**Work item:**
The records are to be reproduced verbatim.

Excerpts from a dataset
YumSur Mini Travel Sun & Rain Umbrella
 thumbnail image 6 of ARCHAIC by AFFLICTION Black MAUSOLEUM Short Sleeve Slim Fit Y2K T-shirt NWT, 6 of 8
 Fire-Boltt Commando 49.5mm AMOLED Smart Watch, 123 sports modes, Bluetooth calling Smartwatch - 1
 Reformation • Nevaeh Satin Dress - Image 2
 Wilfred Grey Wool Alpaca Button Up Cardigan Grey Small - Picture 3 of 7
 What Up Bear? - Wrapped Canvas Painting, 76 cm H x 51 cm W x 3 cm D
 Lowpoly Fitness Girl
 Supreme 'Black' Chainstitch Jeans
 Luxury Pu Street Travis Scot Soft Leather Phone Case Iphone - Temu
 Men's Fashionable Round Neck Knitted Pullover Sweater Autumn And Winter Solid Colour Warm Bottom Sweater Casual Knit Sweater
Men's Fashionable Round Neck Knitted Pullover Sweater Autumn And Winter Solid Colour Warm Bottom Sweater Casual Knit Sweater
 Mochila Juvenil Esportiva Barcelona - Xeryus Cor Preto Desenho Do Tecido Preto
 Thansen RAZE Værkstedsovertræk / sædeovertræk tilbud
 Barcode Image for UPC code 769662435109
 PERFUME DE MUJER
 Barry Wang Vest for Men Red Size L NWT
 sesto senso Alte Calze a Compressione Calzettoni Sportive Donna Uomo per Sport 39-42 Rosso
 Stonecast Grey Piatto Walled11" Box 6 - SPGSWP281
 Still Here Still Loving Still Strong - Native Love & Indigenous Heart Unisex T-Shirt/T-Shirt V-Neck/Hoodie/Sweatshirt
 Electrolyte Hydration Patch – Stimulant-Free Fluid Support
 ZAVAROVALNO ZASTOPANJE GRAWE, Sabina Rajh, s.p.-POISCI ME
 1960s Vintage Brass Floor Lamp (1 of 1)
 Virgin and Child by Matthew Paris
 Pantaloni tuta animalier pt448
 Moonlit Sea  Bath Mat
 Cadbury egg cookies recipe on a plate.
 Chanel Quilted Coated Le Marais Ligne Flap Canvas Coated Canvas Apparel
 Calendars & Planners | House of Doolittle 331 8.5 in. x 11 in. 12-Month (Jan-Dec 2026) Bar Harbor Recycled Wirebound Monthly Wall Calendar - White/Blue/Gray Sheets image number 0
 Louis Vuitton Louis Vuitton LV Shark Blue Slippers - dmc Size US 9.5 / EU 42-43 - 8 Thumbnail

**Reply to the exercise:**
YumSur Mini Travel Sun & Rain Umbrella
 thumbnail image 6 of ARCHAIC by AFFLICTION Black MAUSOLEUM Short Sleeve Slim Fit Y2K T-shirt NWT, 6 of 8
 Fire-Boltt Commando 49.5mm AMOLED Smart Watch, 123 sports modes, Bluetooth calling Smartwatch - 1
 Reformation • Nevaeh Satin Dress - Image 2
 Wilfred Grey Wool Alpaca Button Up Cardigan Grey Small - Picture 3 of 7
 What Up Bear? - Wrapped Canvas Painting, 76 cm H x 51 cm W x 3 cm D
 Lowpoly Fitness Girl
 Supreme 'Black' Chainstitch Jeans
 Luxury Pu Street Travis Scot Soft Leather Phone Case Iphone - Temu
 Men's Fashionable Round Neck Knitted Pullover Sweater Autumn And Winter Solid Colour Warm Bottom Sweater Casual Knit Sweater
Men's Fashionable Round Neck Knitted Pullover Sweater Autumn And Winter Solid Colour Warm Bottom Sweater Casual Knit Sweater
 Mochila Juvenil Esportiva Barcelona - Xeryus Cor Preto Desenho Do Tecido Preto
 Thansen RAZE Værkstedsovertræk / sædeovertræk tilbud
 Barcode Image for UPC code 769662435109
 PERFUME DE MUJER
 Barry Wang Vest for Men Red Size L NWT
 sesto senso Alte Calze a Compressione Calzettoni Sportive Donna Uomo per Sport 39-42 Rosso
 Stonecast Grey Piatto Walled11" Box 6 - SPGSWP281
 Still Here Still Loving Still Strong - Native Love & Indigenous Heart Unisex T-Shirt/T-Shirt V-Neck/Hoodie/Sweatshirt
 Electrolyte Hydration Patch – Stimulant-Free Fluid Support
 ZAVAROVALNO ZASTOPANJE GRAWE, Sabina Rajh, s.p.-POISCI ME
 1960s Vintage Brass Floor Lamp (1 of 1)
 Virgin and Child by Matthew Paris
 Pantaloni tuta animalier pt448
 Moonlit Sea  Bath Mat
 Cadbury egg cookies recipe on a plate.
 Chanel Quilted Coated Le Marais Ligne Flap Canvas Coated Canvas Apparel
 Calendars & Planners | House of Doolittle 331 8.5 in. x 11 in. 12-Month (Jan-Dec 2026) Bar Harbor Recycled Wirebound Monthly Wall Calendar - White/Blue/Gray Sheets image number 0
 Louis Vuitton Louis Vuitton LV Shark Blue Slippers - dmc Size US 9.5 / EU 42-43 - 8 Thumbnail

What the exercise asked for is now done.